憧れていた業界ではありましたが、かなり女性には厳しい体力勝負の仕事であったり、外国人としてプロダクションでの仕事に就くことの難しさなどがあり、自分が思い描いていたのとは違う世界が広がっていました。
当時女性で特殊メイクを学ぶ人も少なかったのですが、例えば実際に人のパーツを作る時など、人型を石膏で作った後に何十キロもある液体レーテックスを流しこまなければならないなど、想像を超えた体力勝負の部分もありました。
プロダクションでは事務業務も経験することができ、大変貴重な経験ができた20代だったと思います。ずっとアメリカにいたいと思っていましたが、一度は日本で働いてみたいという思いから、27歳の時に帰国しました。
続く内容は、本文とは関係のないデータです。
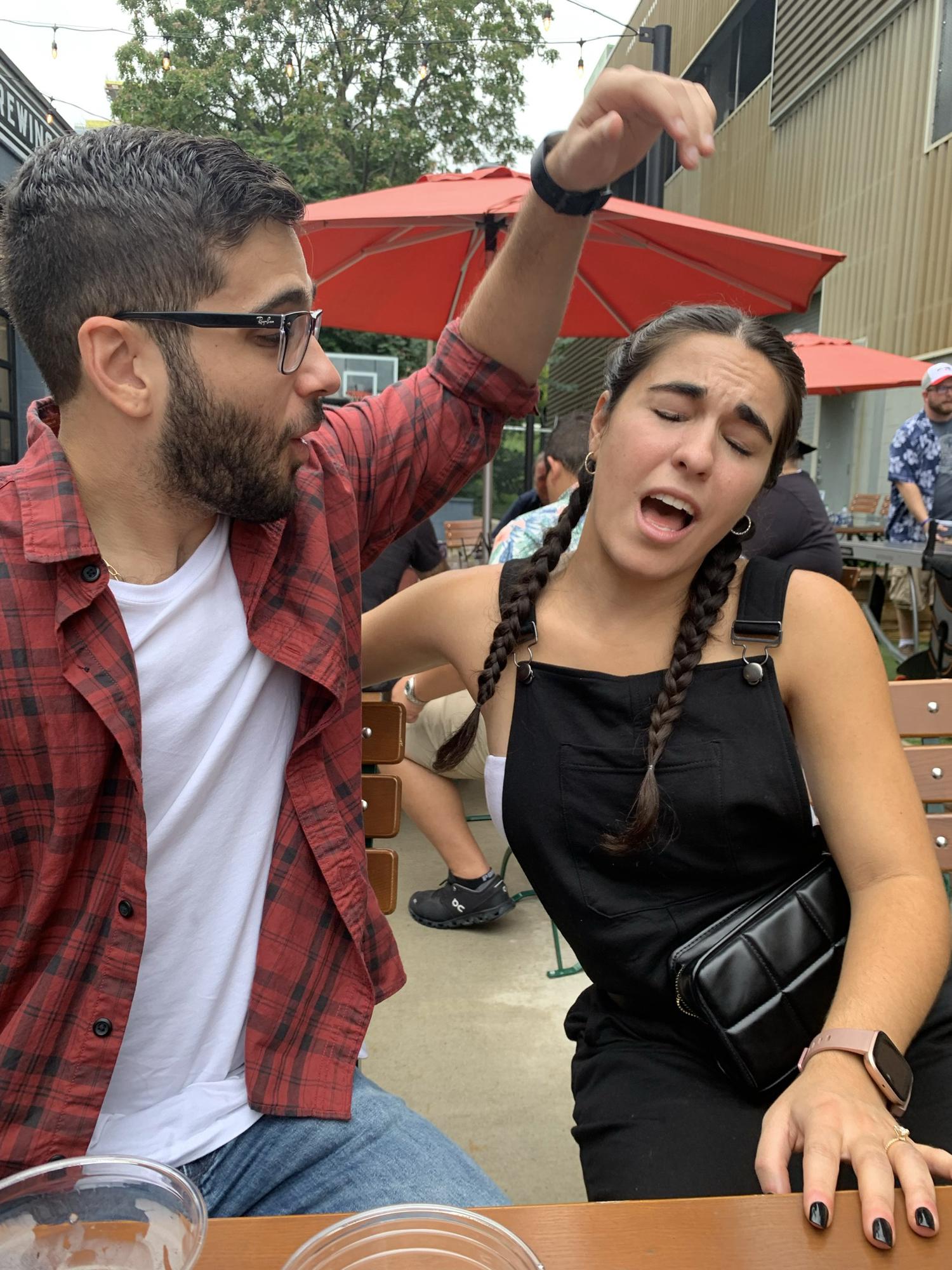 Nick accidentally bopping Annie in Nashville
Q4. 挑戦してみたからこそ見えた世界!帰国後は投資銀行に就職したそうですが、その経緯は?
当時は帰国したままのワッフルパーマで派手な見た目のまま職探しをしたため、正直日本で雇ってもらえるか心配でした(笑)多様性に寛容な外資系の会社なら大丈夫かもしれないと思い、外資系投資銀行のメリルリンチに広報チームのアシスタントポジションに派遣社員として入りました。
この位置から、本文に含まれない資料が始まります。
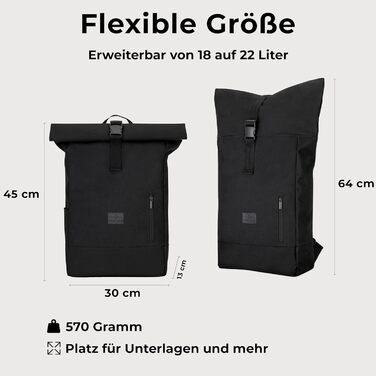 Рюкзак Johnny Urban Robin Large Rolltop для жінок і чоловіків, міський, водонепроникний, 18-22 л, відділення для ноутбука 16”, з переробленого PET, чорний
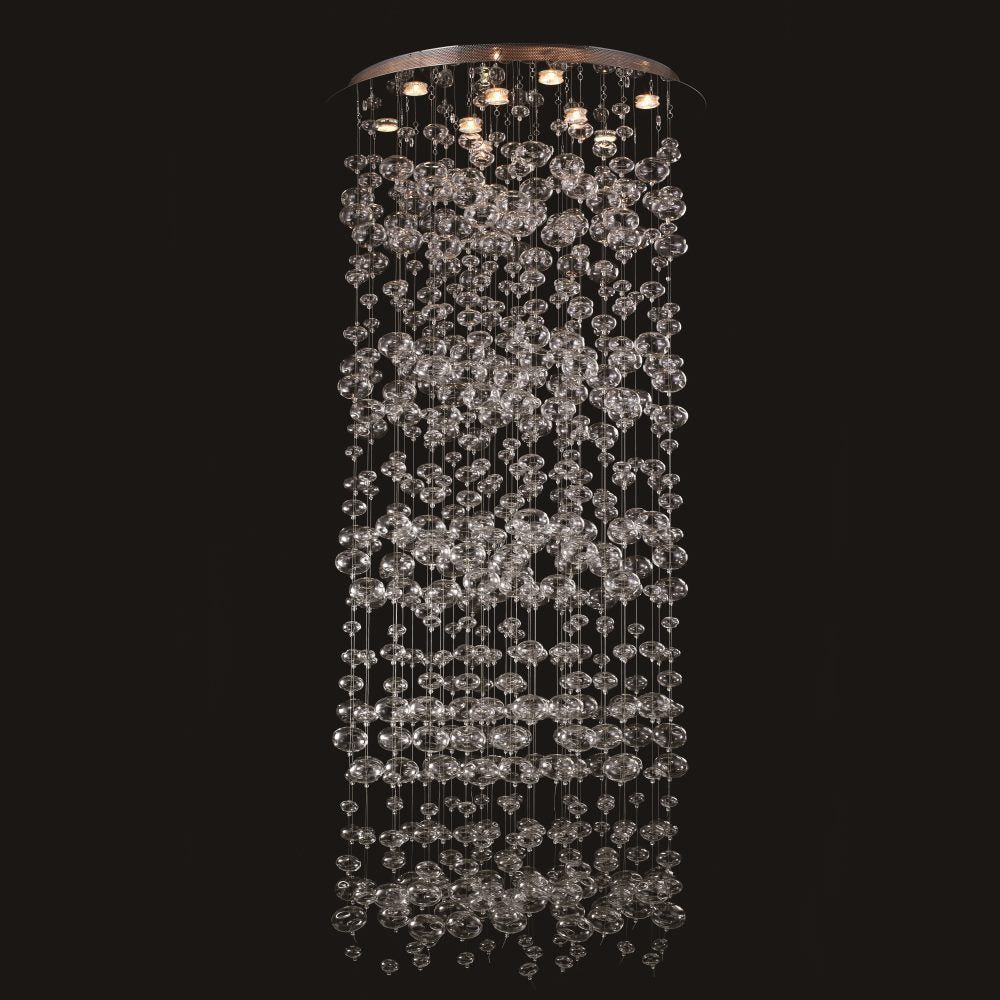 Bubble SLass Nine Light Chandelier in Chrome - available from The Lighting Shoppe, trusted by Canadian homeowners
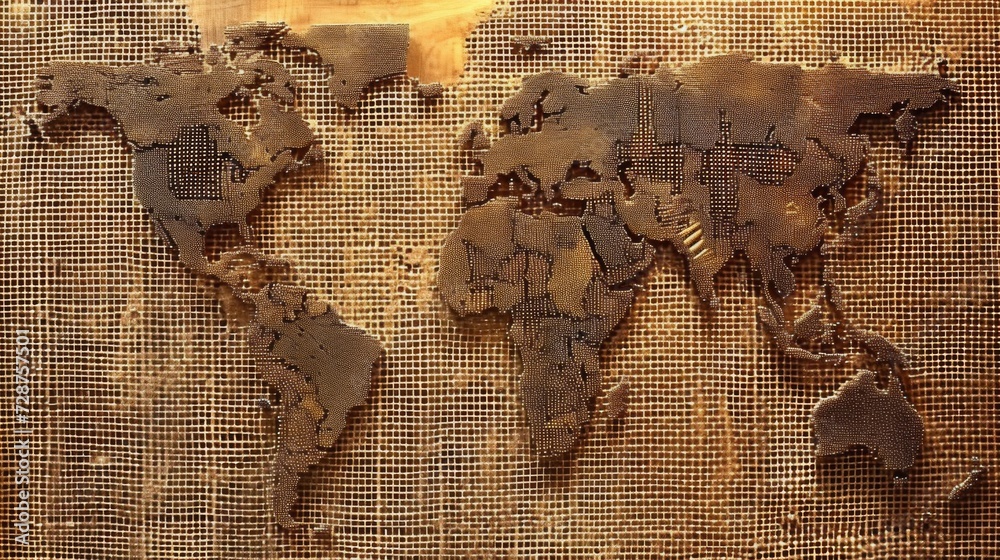 Φωτογραφία World map made of wood. All continents of the wooden world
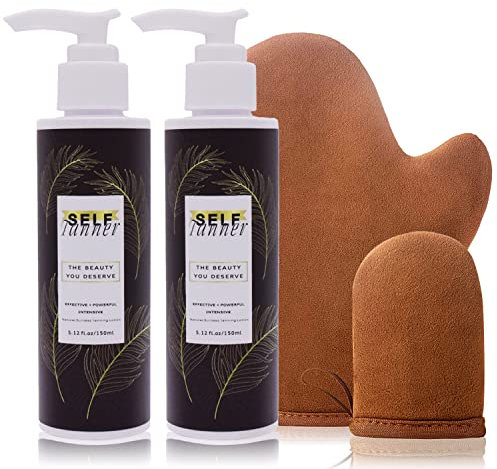 Lozione Autoabbronzante Viso e Corpo con Guanto Abbronzante, Self Tanning Lotion, Autoabbronzanti Crema Autoabbronzante Invisibile, Colorazione Naturale E Duratura,2PCS/300ml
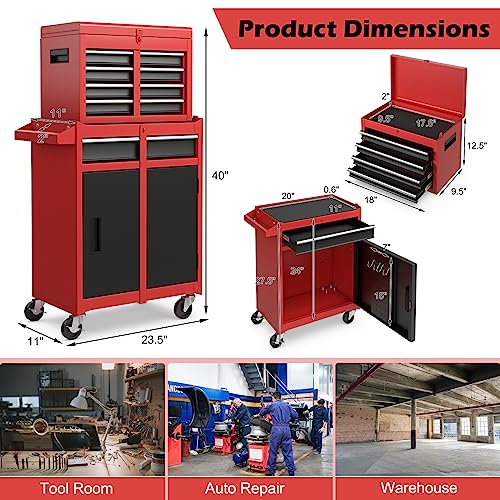 S AFSTAR 5-Drawer Rolling Tool Chest, High Capacity Tool Storage Cabinet W/Lockable Wheels, Adjustable Shelf & Anti-Slip Liner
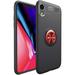 iPhone XR Case 360 Degree Rotation Invisible Metal Ring Kickstand Protective Case Compatible Magnetic Car Mount Soft TPU Case Shockproof Anti-Scratch Ultra-Slim Cover Black+Red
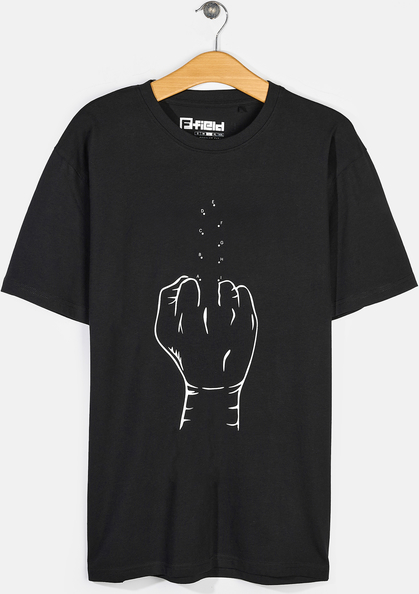 Czarny t-shirt Gate w młodzieżowym stylu z krótkim rękawem
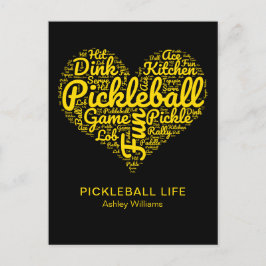 Pickleball Life Word Art Typografie Personalisiert Postkarte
仕事を始めてからは、個人顧客事業の立ち上げ業務のサポートに携わることができ、社内のコンプライアンス研修ビデオの日本語化をするお仕事や、ブローシャーデザインに拘らせてもらったりとアシスタントの枠を超えた様々な経験させてもらえました。その過程の中で人事部長から声をかけていただき、人事部の新卒採用部門に社員として入社しました。
Q5. そこから人事のお仕事に携わるようになったんですね!新卒採用のお仕事はいかがでしたか?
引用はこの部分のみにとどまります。